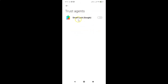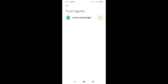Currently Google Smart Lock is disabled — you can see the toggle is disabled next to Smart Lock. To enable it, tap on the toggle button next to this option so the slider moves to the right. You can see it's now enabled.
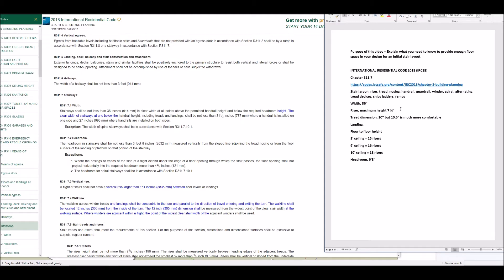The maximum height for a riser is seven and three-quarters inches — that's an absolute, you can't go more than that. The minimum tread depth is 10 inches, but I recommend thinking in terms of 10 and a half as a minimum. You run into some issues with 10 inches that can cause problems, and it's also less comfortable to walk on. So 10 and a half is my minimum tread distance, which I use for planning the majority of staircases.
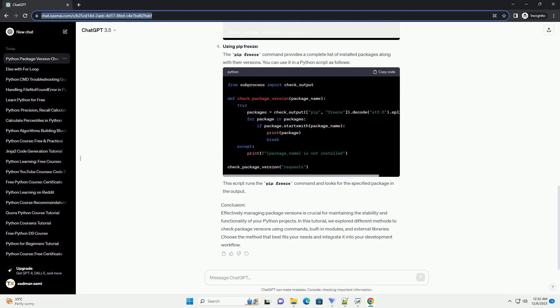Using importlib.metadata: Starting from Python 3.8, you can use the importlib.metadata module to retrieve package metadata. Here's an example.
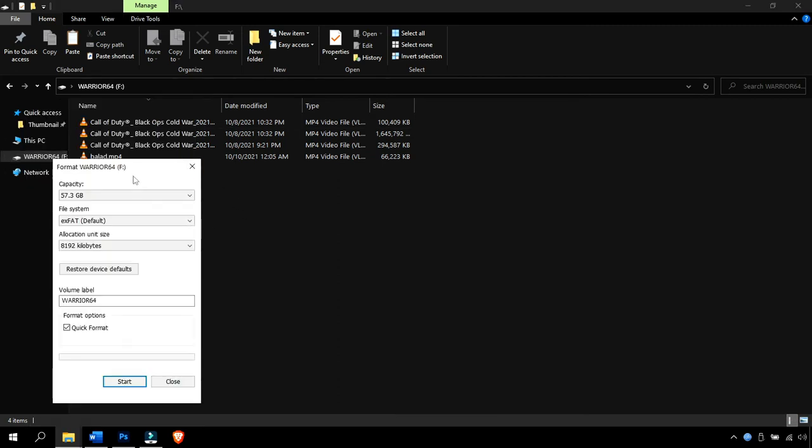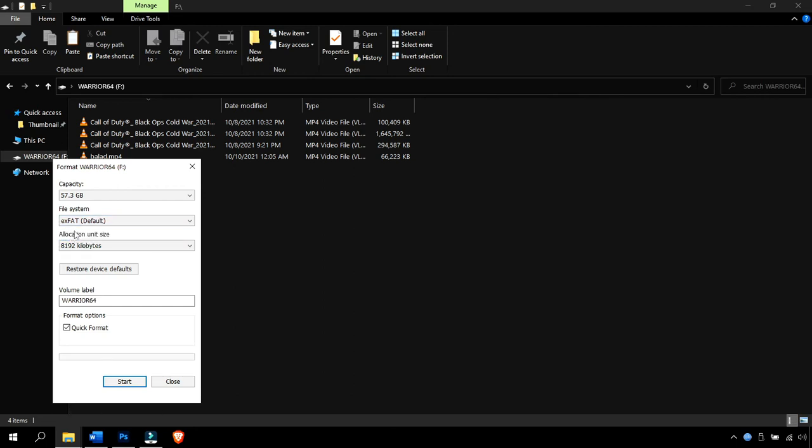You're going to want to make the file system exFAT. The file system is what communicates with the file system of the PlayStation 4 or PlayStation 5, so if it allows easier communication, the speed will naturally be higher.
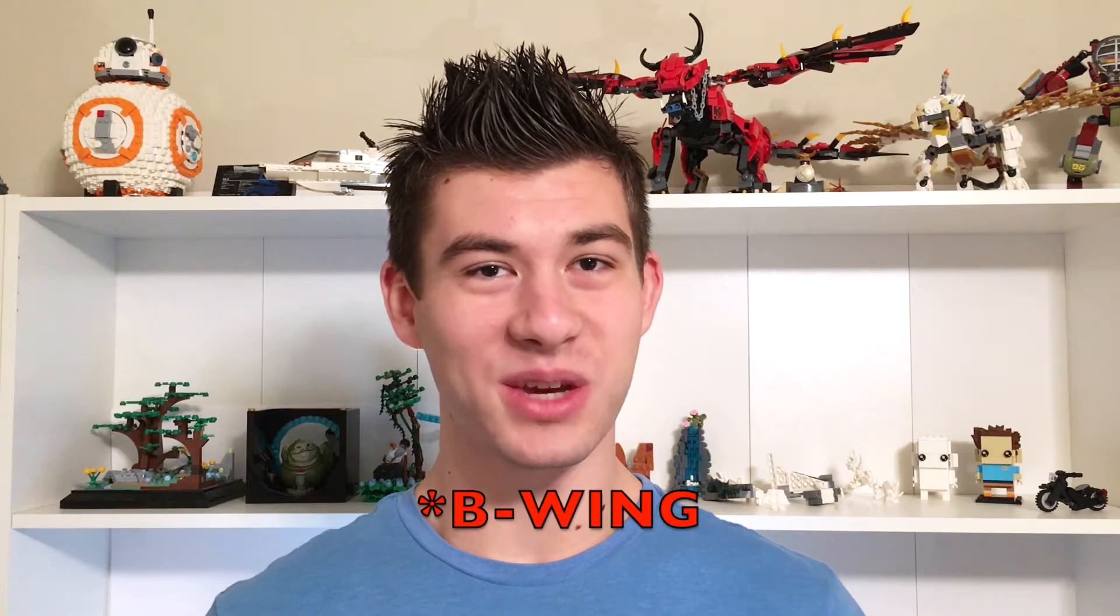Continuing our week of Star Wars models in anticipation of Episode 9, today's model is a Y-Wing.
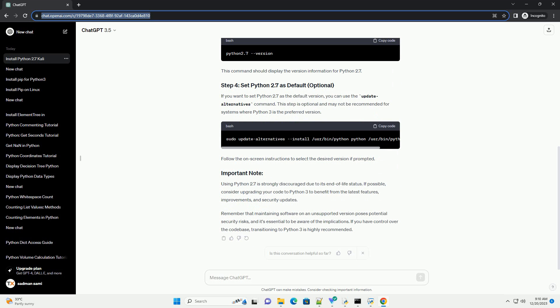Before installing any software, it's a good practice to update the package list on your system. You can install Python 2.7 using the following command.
━━━━━━
Please write out the entire listing above exactly, but leave the pictures out.

Currently Google Smart Lock is disabled — you can see the toggle is disabled next to Smart Lock. To enable it, tap on the toggle button next to this option so the slider moves to the right. You can see it's now enabled.
The maximum height for a riser is seven and three-quarters inches — that's an absolute, you can't go more than that. The minimum tread depth is 10 inches, but I recommend thinking in terms of 10 and a half as a minimum. You run into some issues with 10 inches that can cause problems, and it's also less comfortable to walk on. So 10 and a half is my minimum tread distance, which I use for planning the majority of staircases.
Using importlib.metadata: Starting from Python 3.8, you can use the importlib.metadata module to retrieve package metadata. Here's an example.
You're going to want to make the file system exFAT. The file system is what communicates with the file system of the PlayStation 4 or PlayStation 5, so if it allows easier communication, the speed will naturally be higher.
Continuing our week of Star Wars models in anticipation of Episode 9, today's model is a Y-Wing.
Before installing any software, it's a good practice to update the package list on your system. You can install Python 2.7 using the following command.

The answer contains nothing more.